In my former life I worked in the sales industry. It was competitve. It was aggressive. It was what I did. In that field you have to be turned on at all times. For every minute that you spend checking your personal email or having a chat at the water cooler you miss out on money. That's what sales is about. A commission. You must be consistently productive to achieve any type of success.
Since becoming a mother and staying at home I have had a hard time adjusting to the lack of pressure. Motherhood isn't a competition and there certainly isn't a commission to be earned at the end of the month. Just hugs, kisses and milestones. So what keeps you going? What keeps us from becoming frumpy old housewives? Well, for me I think it has to be my type A personality. No matter how hard I try I just can't seem to turn it off.
I actually feel guilty if I don't take my daughter on an outing everyday. It feels strange to stay home for the entire day. I also I have not been able to do that whole "sleep while the baby is sleeping" thing, or even take a break when she naps. I feel that those are my opportunities to cook dinner or clean. I can get it done much faster when she's not clinging to my leg or asking to be held. However, after a few weeks of the constant going I do hit a wall. Today, I ran into one full speed. So, I did something I rarely ever do. When she went down for her nap I turned on the tv, peeped inside the DVR and caught myself up on one of my favorite shows.

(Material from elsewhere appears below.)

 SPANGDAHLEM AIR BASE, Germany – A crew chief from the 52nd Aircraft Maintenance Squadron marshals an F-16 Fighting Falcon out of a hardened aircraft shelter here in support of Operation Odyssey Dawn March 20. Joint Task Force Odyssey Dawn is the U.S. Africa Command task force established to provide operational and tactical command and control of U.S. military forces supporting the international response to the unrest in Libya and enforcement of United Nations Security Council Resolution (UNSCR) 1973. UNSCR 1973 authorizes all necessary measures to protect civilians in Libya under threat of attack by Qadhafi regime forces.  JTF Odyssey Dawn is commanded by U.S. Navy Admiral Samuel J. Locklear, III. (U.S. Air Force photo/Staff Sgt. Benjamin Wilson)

I just sat there with a glass of tea. I must admit that midway thru the show instead of fast forwarding thru the commercials I got dinner started. What I realized was that it is completely okay to have one day a week where we don't have a plan. We don't have to go anywhere. I discovered today that she is completely happy playing with her toys right here in the comfort of our own home. I do not have to be turned on all the time. Every second doesn't have to be filled with flash cards or story time. She is happy playing and dancing and pretending. It's okay for me to have an hour of downtime. After all, I'm a Mom not a Ring Master. No one is buying tickets to this show. It's not a competition. I'm not going to get an award for doing the most housework or having dinner done by five. So, I can relax. It's ok.